A flash of white shimmered in and out of sight so quickly that Sam at first thought it was a trick of his eyes. But as he stared the light evened out and became a constant, singular point, twinkling like a star in the night sky. “Dad,” Sam said as he fumbled for the door latch in the dark. “Light’s back.”
Sam was the first one out of the car. He dashed towards the trees, switching on his flashlight as he ran.
“Sammy! Wait up!” he heard Dean call.
The sticky scent of pine sap was just hitting his nose when he stopped short and turned to face his brother and father, his impatience written across his features. Come on already! After sitting still in the cold for so long, he was antsy and itching for the chase.
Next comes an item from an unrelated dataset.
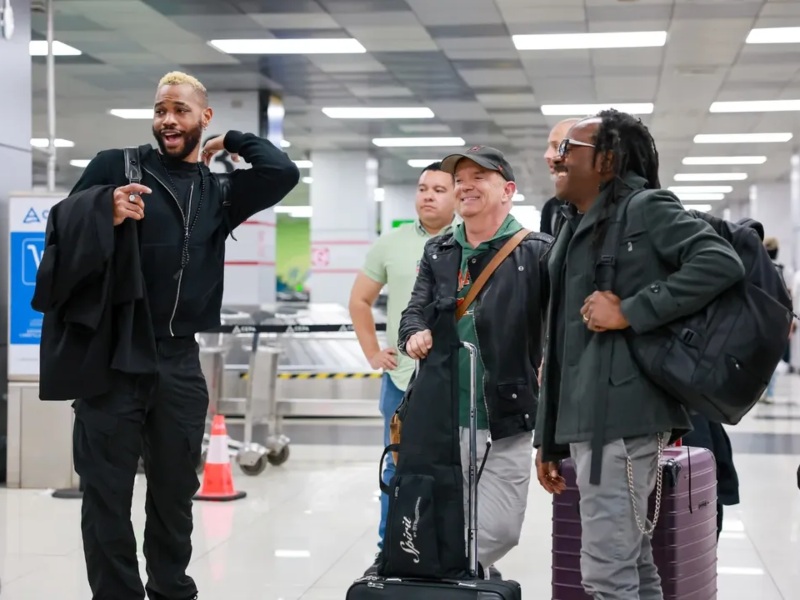 Tim Mitchell, director musical y guitarrista de Shakira desde 1999, y Albert Menéndez, pianista, tecladista y cantante del tour “Las mujeres ya no lloran”, forman parte del equipo artístico que acompaña a la cantante en su residencia centroamericana.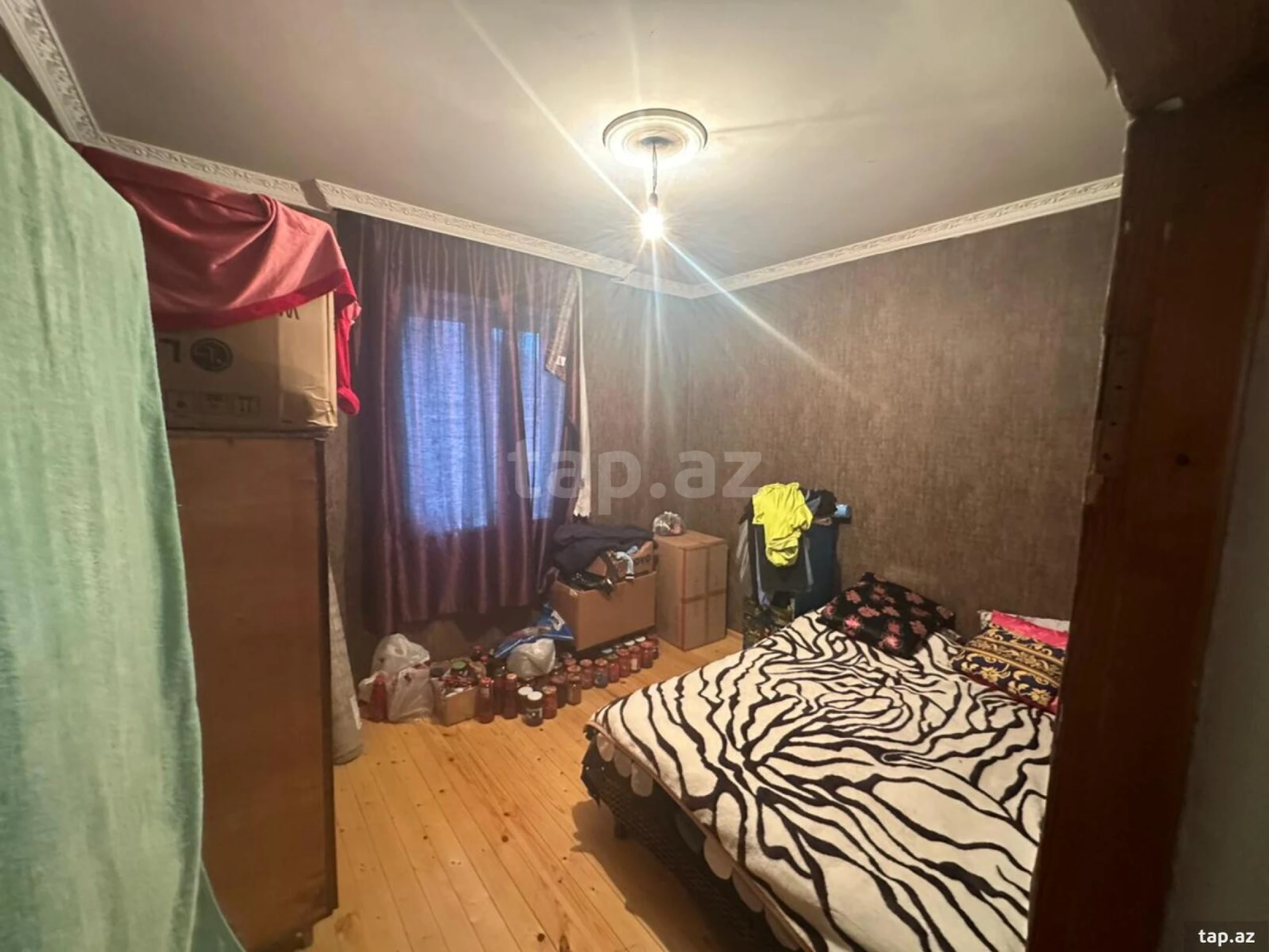 Satılır 4 otaqlı həyət evi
John finally caught up with his youngest and gave him a sharp reprimanding glare directly in the eye. “Do not get ahead of us, you understand? You stay where I can see you.”
“Yes, sir,” Sam mumbled. After his father walked past him and into the trees, Sam rolled his eyes and began grumbling angrily under his breath. He was ten years old now, after all. Double digits and everything! He was certainly plenty old enough to walk a few paces ahead of his father and Dean.
The near-constant breeze running through the woods was making Sam shudder. He pulled the cuffs of his sweatshirt down over his hands to protect them from the biting wind. There! Who needed gloves anyway? If he could just stop shivering, he’d be all set!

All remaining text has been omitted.